The Shifting Realities of Philip K. Dick is a collection of PKD’s non-fiction writing edited by Lawrence Sutin and published by Vintage in 1995. It includes some short autobiographical pieces, some notes on SF, introductions he wrote for a few of his books, some material specific to The Man in the High Castle, some plot treatments and television ideas, some longer essays and transcripts of speeches, and some selections from the Exegesis.
A common theme in the autobiographical writings in part one, outside of his love for writing science fiction, is how little money an SF author makes. The essays in part two deal more specifically with his thoughts on science fiction, and in the introduction to “The Golden Man” we get his infamous account of buying horse meat at the Lucky Dog Pet Store in Berkeley to feed himself and his wife because of how difficult it was to support them with a career in SF.
Part three includes an essay on Naziism as it relates to The Man in the High Castle and two chapters (where Goring discusses The Grasshopper Lies Heavy with his men and the SS deputy Heydrich interrogates Wegener) from the sequel to that book that he never completed.

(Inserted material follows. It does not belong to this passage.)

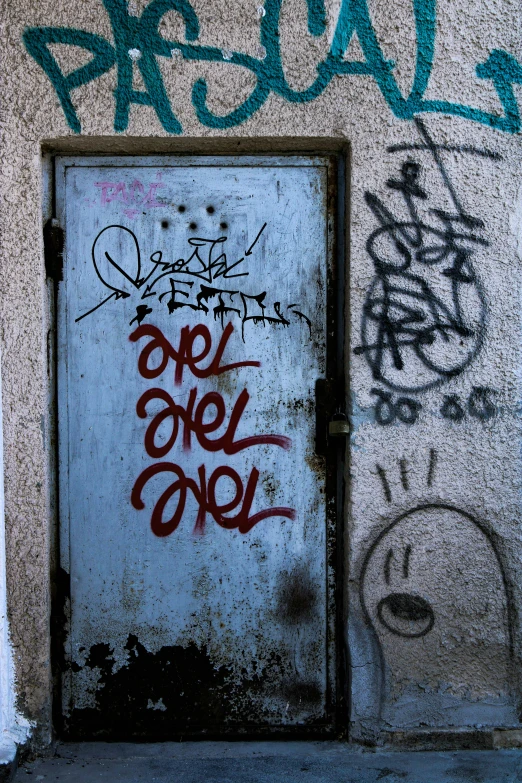 graffiti on the side of a door in front of a cement wall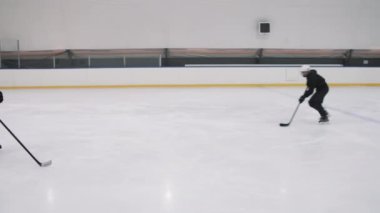 Yüksek açılı PAN şutu, yavaş hokey oyuncusuyla puck 'la puck' la paten kayıyor ve golü dinamik bir şekilde atıyor.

The television proposals are a strange insight. Perhaps desperate for money he tries to break into TV with a plot outline for the 1960s TV series Mission Impossible and a detailed idea for a show about a guardian angel business that operates out of heaven and interacts with people back on Earth.
For me the essays and speeches in part five are the highlight of the collection. The first few, where he discusses mental illness and man’s relationship to machine, predate the Exegesis. The rest come after his 1974 experience. Other than “The Tagore Letter” and “Cosmogony and Cosmology” (which is a technical and mostly dry update that he sent to his agent, for some reason, about where he was at with his exegetical thinking at the time), the remaining essays from the 1970s were for a broader audience. To me at least they seem more accessible and make a good companion to the Exegesis.
The short selections from the Exegesis in part six were not included in the version published in 2011, as far as I can tell, other than “The Ultra Hidden (Cryptic) Doctrine: The Secret Meaning of the Great Systems of Theosophy of the World, Openly Revealed for the First Time” from Folder 82 which I wrote about here.